Marines


Latest Articles
Photo Information

Chief Warrant Officer 2 Danny E. Pilgrim stands in front of a Provost Marshal’s Office vehicle at the Unit Marshalling Area Wednesday. Pilgrim is the only Marine currently participating in the Auxiliary Marine Program with PMO. Pilgrim has been an Auxiliary Marine since 1997, when he was a corporal stationed at Marine Corps Base Camp Pendleton, Calif.

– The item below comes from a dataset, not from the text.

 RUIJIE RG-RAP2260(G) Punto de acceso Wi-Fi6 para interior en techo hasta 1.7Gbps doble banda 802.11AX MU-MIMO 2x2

Photo by Lance Cpl. Monica C. Erickson

Marine takes duty to new level

15 Aug 2008 | Lance Cpl. Monica C. Erickson

          The Combat Center’s Provost Marshal’s Office trains a different type of military policeman: the Auxiliary Marine.
Chief Warrant Officer 2 Danny E. Pilgrim is the only Marine currently participating in the Auxiliary Marine Program with PMO. During the day he is the 7th Marine Regiment Ordnance Officer but on the weekend he is a military policeman. He has the same duties and requirements of all military police, but chooses his own work schedule.
The Auxiliary Marine Program is run by PMO, which takes volunteering active duty Marines and sailors from around the base and trains them as reserve military policemen. The program lets participants decide when to work only having to work 24 hours a month to maintain their status.
“Not a day has gone by that I have not wanted to go to work the next day,” said Pilgrim, a San Antonio, Texas native. “I enjoy every aspect of working in the armory and at PMO.”
Pilgrim has been an Auxiliary Marine since 1997, when he was a corporal stationed at Marine Corps Base Camp Pendleton, Calif. In 2006 he was stationed aboard the Combat Center and in February, he volunteered for the program again, working the night shift every weekend.
The program gives participants experience in law enforcement, which gives them
an advantage when trying to find jobs as a police officer after getting out of the military, said Pilgrim.
“It is a great program that exposes you to certain elements of law enforcement that are similar to civilian law enforcement,” said Pilgrim, who plans on becoming a police officer in Waco, Texas. “The Marine Corps is the first chapter of my life, when I retire I will be moving on to the next chapter from serving my country to serving my community.”
When a Marine applies to the program they must have approval from their own command. Then they must complete two weeks of classes and meet all qualifications such as a medical and criminal record check. They are also well trained about gate procedures, how to arrest someone, using handcuffs, how to respond to certain calls and patrolling streets.
When they finish the initial screening and classes they are moved to level two, which places the Auxiliary Marine with a field training officer. The field training officer monitors the trainee at all times as the Auxiliary Marine completes a checklist of tasks.
“The checklist goes through everything they are required to learn,” said Master Gunnery Sgt. David Gomez, PMO’s provost sergeant. “So when they first handcuff someone, their field training officer will check that off the list.”
After completing the checklist, the Auxiliary Marine must also perform duties as a desk sergeant before moving to level one. The upgraded level is the same as level two, but more in depth, while giving the Auxiliary Marine more responsibility by working alone. 
When PMO deems the Auxiliary Marine is fully trained, they are issued a pistol,
badge and handcuffs and are placed where they are needed, whether on gate duty or patrolling the streets. 
The Auxiliary Marine Program gives participants everything they need to make the base a safer place, while helping them prepare for a possible future in law enforcement.